WORK TASK »
Write out the full listing exactly as given, minus the images.

DATA BLOCK »
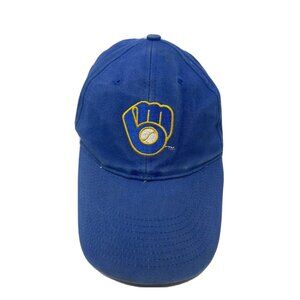 Milwaukee Brewers Miller Lite Hat Baseball Cap adjust strap one size embroidered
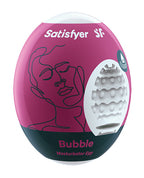 Satisfyer Masturbator Egg Bubble Cyber Skin Interior Violet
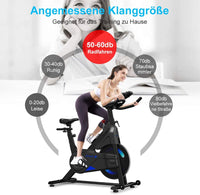 Dripex Heimtrainer Fahrrad, Indoor Hometrainer mit Stahlschwungrad, Magnetbremse, Pulsmesser, LCD-Anzeige und Flaschehalter Benutzergewicht bis 120kg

YOUR SOLUTION »
 Milwaukee Brewers Miller Lite Hat Baseball Cap adjust strap one size embroidered
 Satisfyer Masturbator Egg Bubble Cyber Skin Interior Violet
 Dripex Heimtrainer Fahrrad, Indoor Hometrainer mit Stahlschwungrad, Magnetbremse, Pulsmesser, LCD-Anzeige und Flaschehalter Benutzergewicht bis 120kg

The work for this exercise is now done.